• [Task prompt] Using the listing below, copy exactly each line from the one that has "1 x Ryco 4x4" through the one that has "Lawan Begal di"; omit the pictures.

• [Materials provided]
──────────

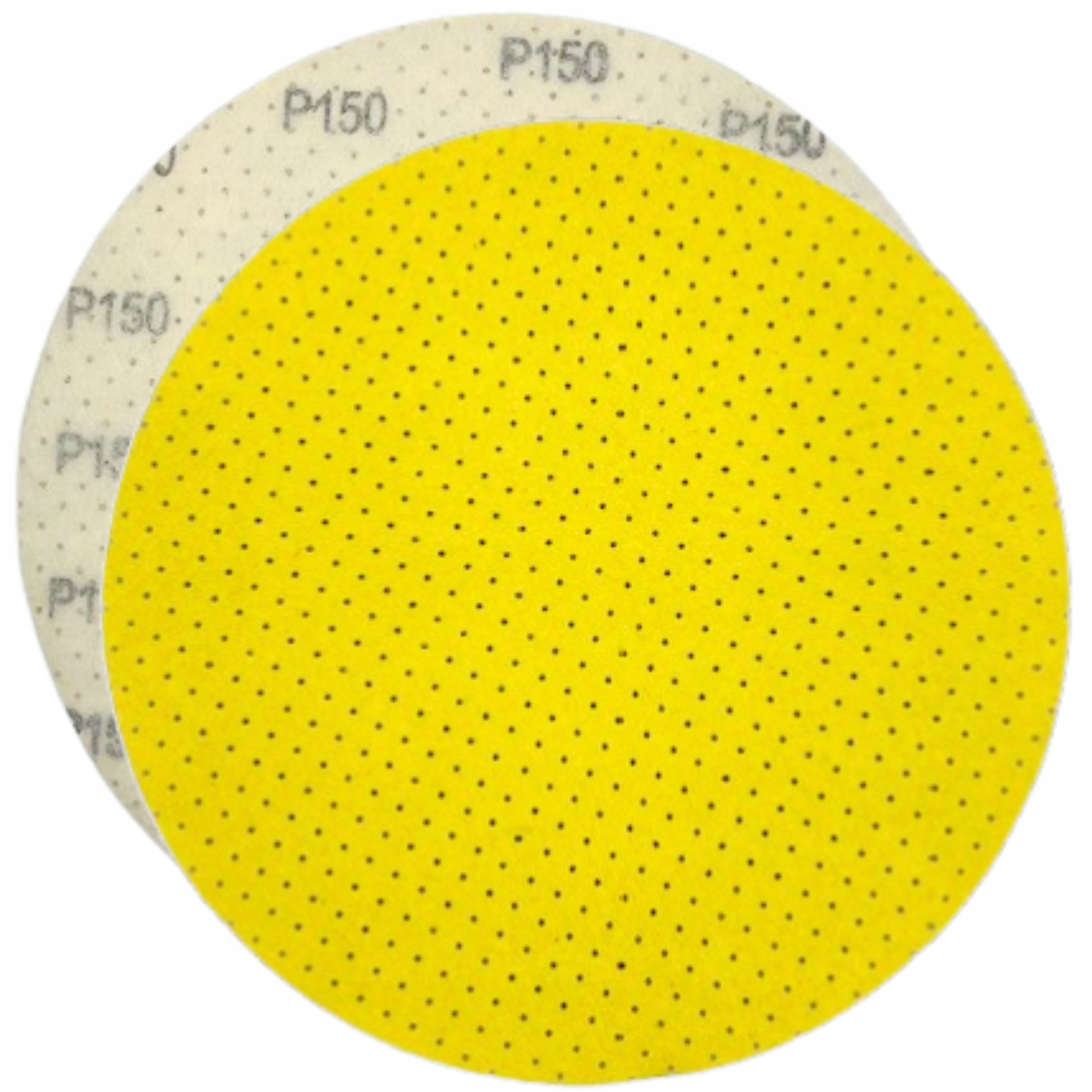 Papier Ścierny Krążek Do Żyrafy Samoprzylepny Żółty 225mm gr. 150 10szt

──────────

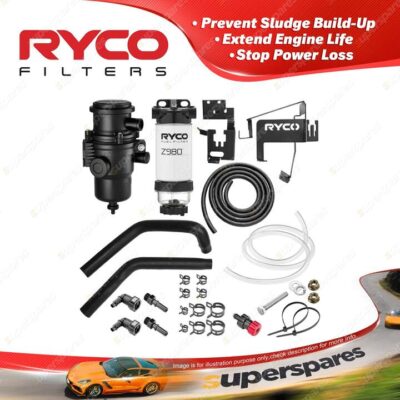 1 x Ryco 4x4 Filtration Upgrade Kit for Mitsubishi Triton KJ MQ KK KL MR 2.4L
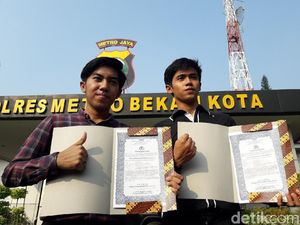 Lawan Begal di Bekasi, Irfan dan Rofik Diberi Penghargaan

──────────

• [Finished exercise]
 1 x Ryco 4x4 Filtration Upgrade Kit for Mitsubishi Triton KJ MQ KK KL MR 2.4L
 Lawan Begal di Bekasi, Irfan dan Rofik Diberi Penghargaan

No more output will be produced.